→ **Input material**:
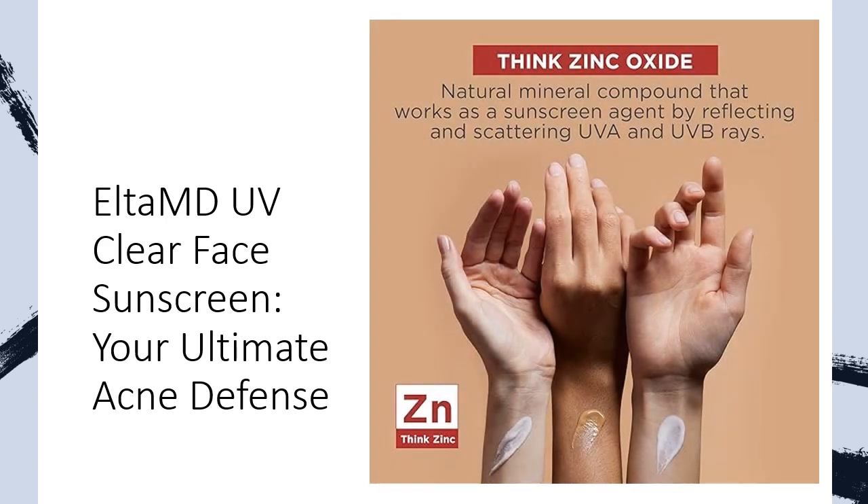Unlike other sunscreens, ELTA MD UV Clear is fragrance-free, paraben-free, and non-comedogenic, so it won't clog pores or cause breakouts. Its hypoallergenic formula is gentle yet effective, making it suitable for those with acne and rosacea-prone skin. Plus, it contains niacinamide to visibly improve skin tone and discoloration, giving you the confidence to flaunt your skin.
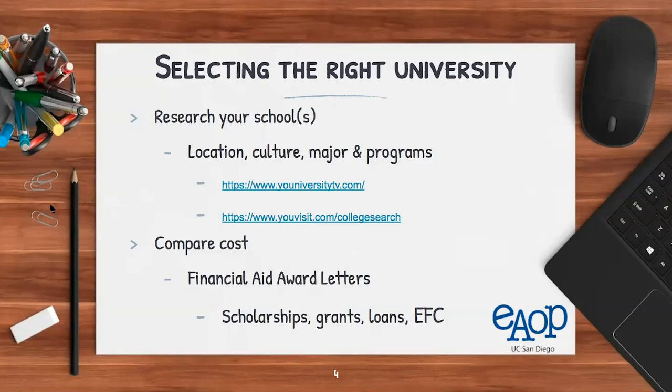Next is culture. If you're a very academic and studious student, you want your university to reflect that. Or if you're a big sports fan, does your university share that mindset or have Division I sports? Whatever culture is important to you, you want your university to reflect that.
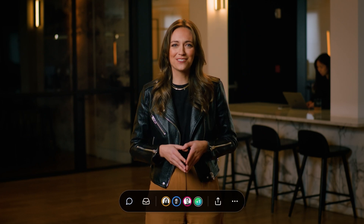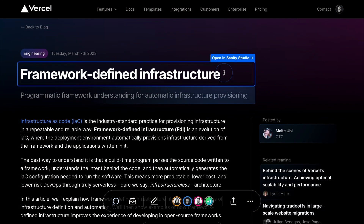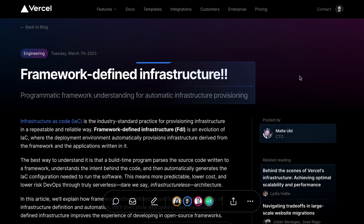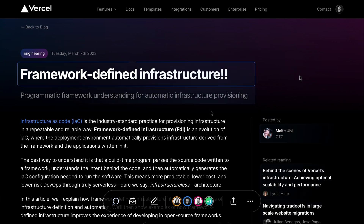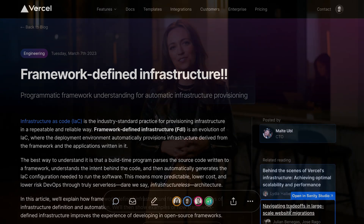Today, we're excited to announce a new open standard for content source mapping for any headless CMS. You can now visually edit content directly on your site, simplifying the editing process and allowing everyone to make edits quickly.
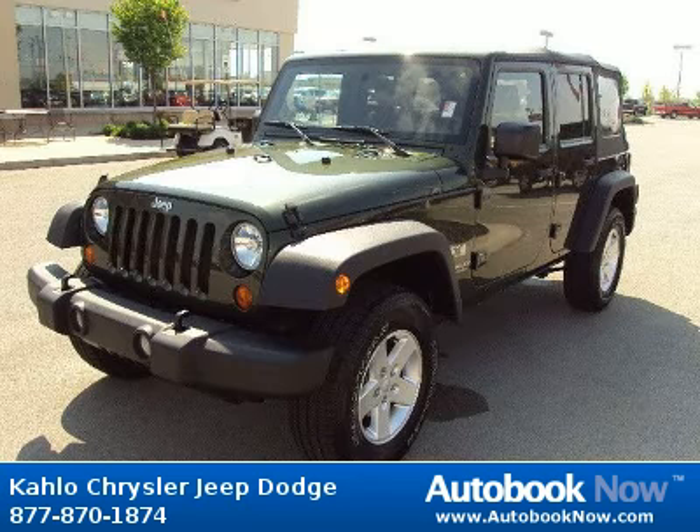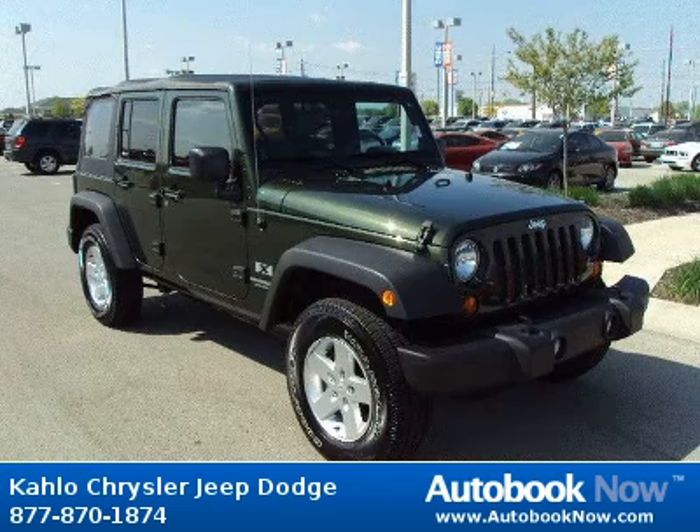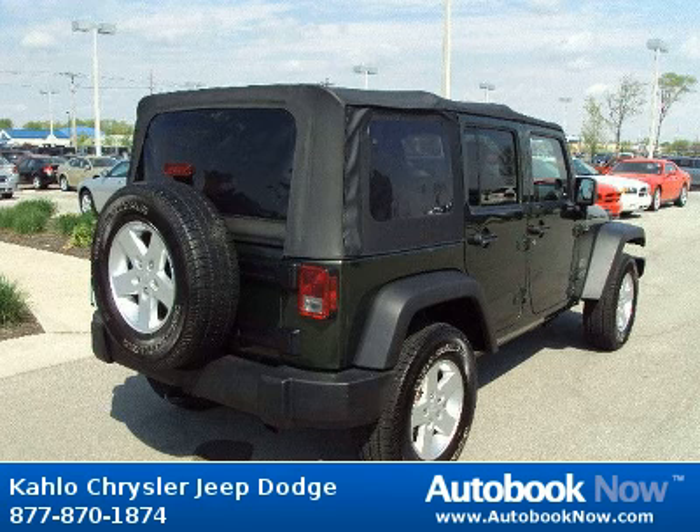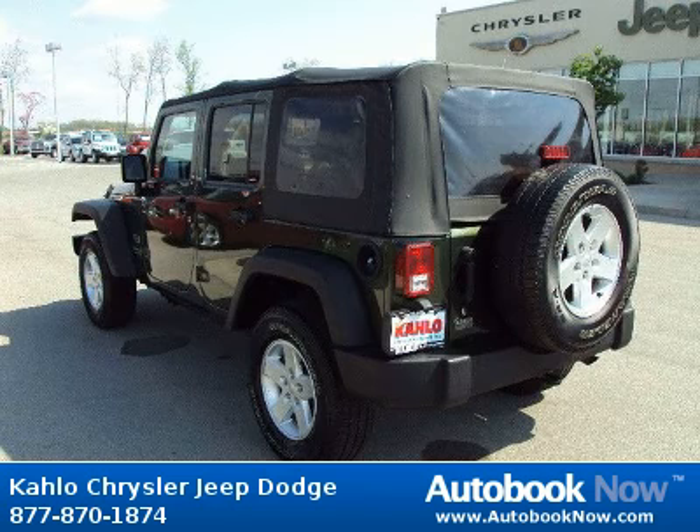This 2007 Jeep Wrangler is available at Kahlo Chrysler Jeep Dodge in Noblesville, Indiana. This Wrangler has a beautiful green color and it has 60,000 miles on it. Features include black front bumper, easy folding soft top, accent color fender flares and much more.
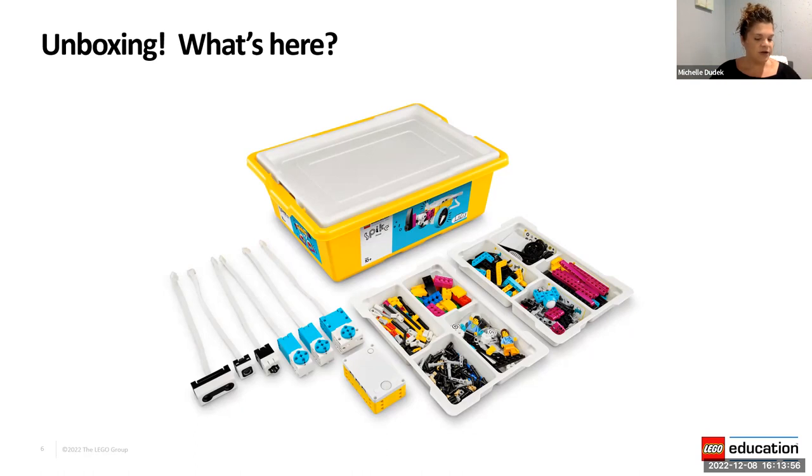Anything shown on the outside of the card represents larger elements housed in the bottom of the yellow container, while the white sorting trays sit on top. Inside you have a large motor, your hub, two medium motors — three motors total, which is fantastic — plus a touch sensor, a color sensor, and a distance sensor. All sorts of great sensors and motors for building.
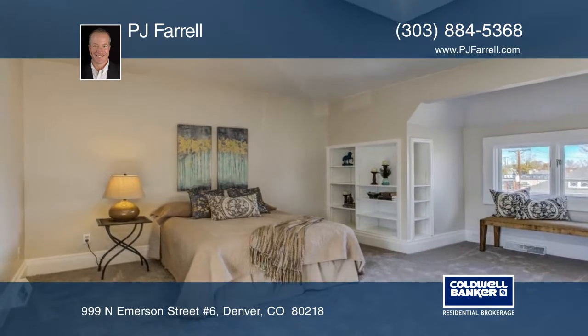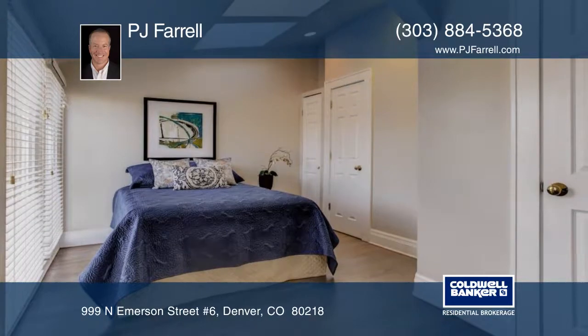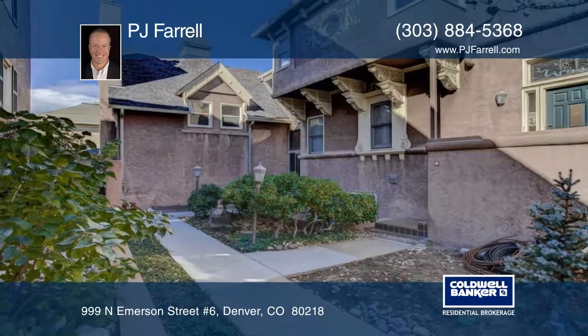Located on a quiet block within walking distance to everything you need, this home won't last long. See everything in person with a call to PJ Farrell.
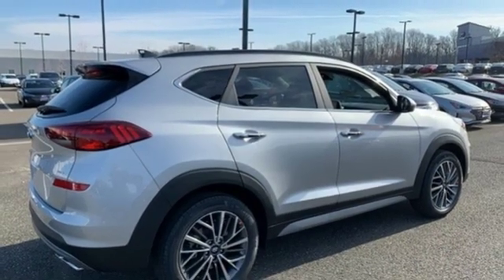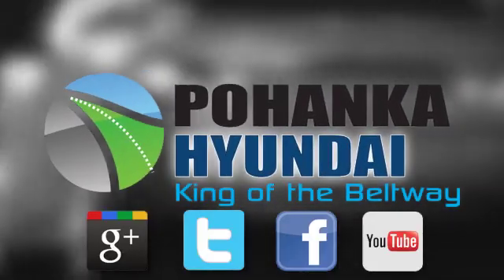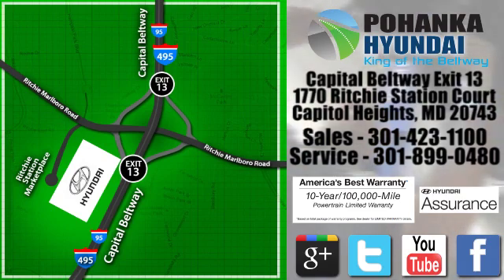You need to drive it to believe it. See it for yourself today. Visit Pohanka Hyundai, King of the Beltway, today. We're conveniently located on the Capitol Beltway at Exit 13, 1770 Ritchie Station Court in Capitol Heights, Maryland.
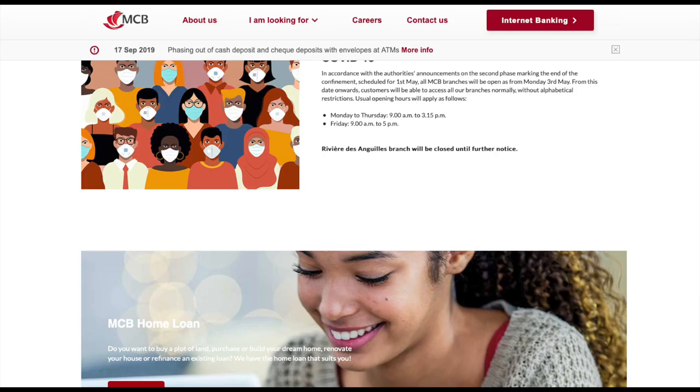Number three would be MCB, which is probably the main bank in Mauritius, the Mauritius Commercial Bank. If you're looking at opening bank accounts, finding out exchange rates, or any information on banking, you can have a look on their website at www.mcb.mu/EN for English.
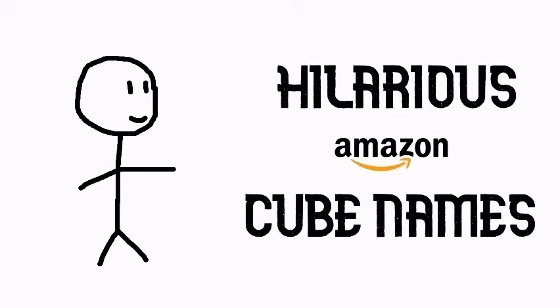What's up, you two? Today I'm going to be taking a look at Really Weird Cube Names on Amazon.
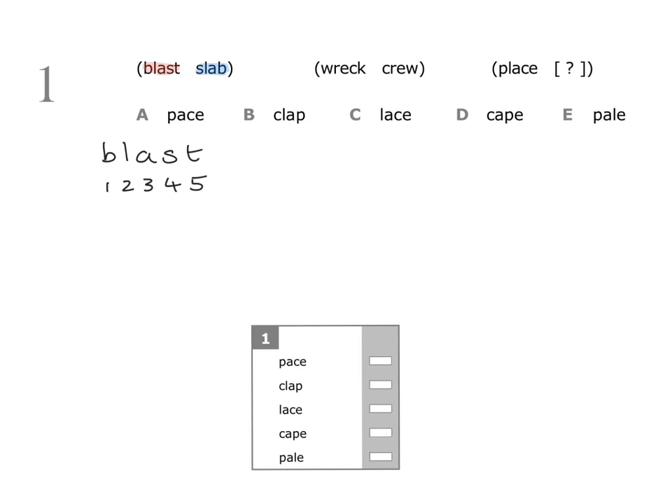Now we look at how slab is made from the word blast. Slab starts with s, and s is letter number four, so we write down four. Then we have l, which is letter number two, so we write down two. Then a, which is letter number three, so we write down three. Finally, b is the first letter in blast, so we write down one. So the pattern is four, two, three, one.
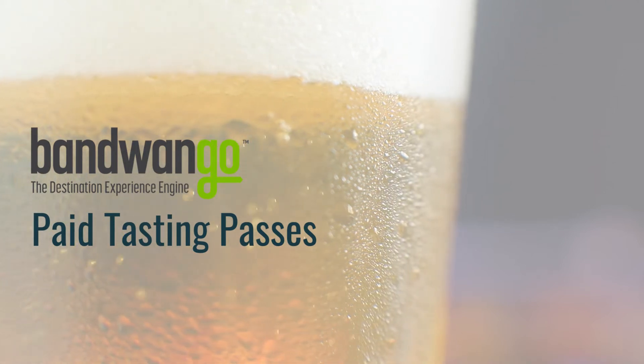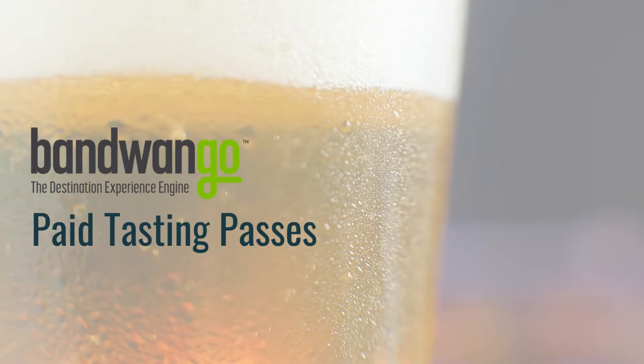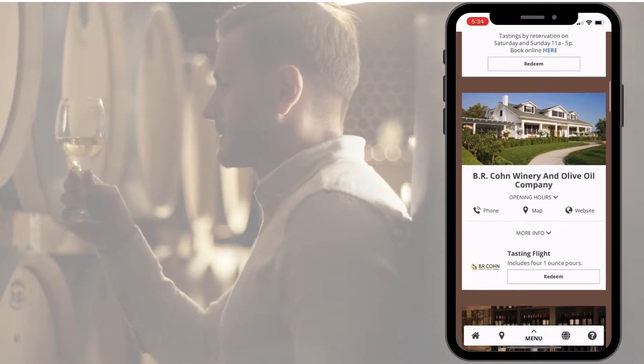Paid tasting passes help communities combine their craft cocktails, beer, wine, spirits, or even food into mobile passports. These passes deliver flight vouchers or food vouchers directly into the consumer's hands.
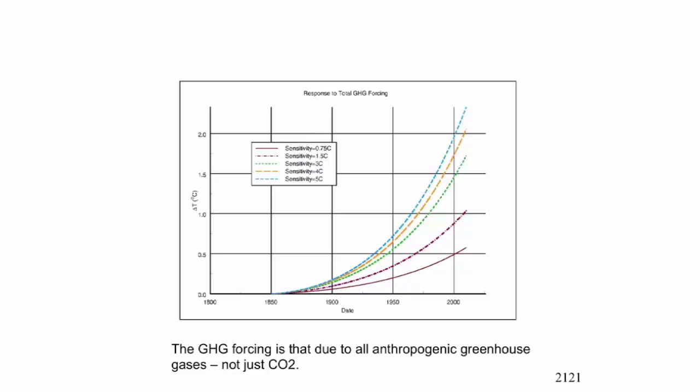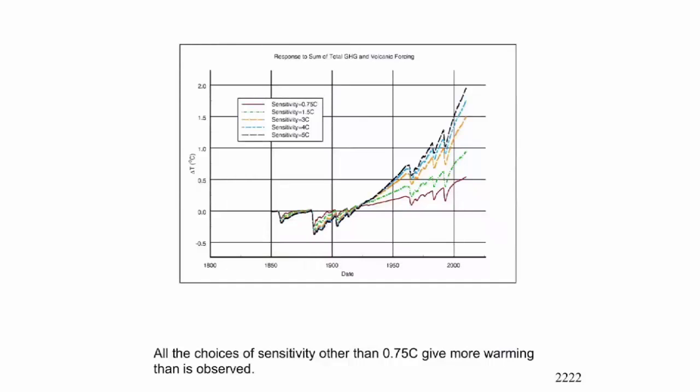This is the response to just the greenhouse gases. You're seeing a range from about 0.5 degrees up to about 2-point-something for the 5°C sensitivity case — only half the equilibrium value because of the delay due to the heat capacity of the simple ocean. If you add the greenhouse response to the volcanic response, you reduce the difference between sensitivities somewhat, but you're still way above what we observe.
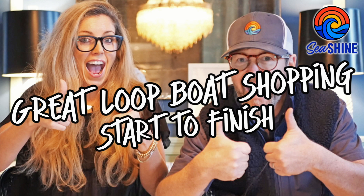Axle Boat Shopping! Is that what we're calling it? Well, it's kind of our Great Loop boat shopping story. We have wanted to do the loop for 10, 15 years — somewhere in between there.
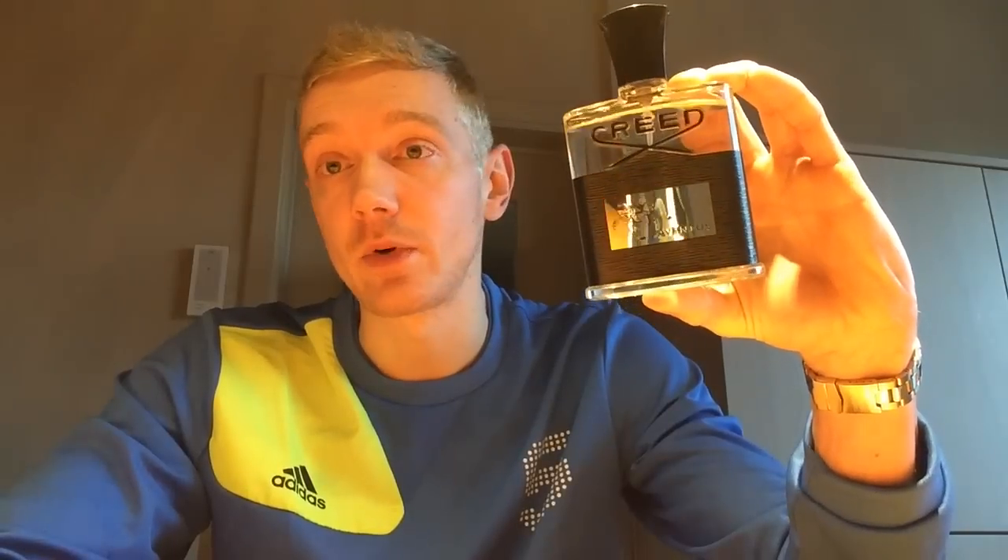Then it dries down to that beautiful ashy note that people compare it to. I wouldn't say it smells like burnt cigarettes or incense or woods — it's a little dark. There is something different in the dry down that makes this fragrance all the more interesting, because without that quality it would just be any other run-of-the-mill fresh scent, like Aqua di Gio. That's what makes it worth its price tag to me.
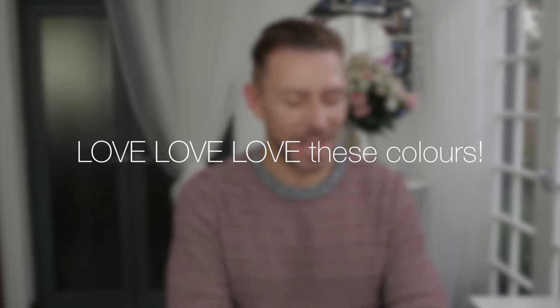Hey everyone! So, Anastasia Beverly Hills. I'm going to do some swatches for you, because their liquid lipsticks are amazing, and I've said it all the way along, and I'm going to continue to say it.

→ **Directions for this task**:
In the records above, find the line that contains "Then it dries", then write it out along with every line after it, exactly, through the last one. Leave the pictures out.

→ **Solution**:
Then it dries down to that beautiful ashy note that people compare it to. I wouldn't say it smells like burnt cigarettes or incense or woods — it's a little dark. There is something different in the dry down that makes this fragrance all the more interesting, because without that quality it would just be any other run-of-the-mill fresh scent, like Aqua di Gio. That's what makes it worth its price tag to me.
Hey everyone! So, Anastasia Beverly Hills. I'm going to do some swatches for you, because their liquid lipsticks are amazing, and I've said it all the way along, and I'm going to continue to say it.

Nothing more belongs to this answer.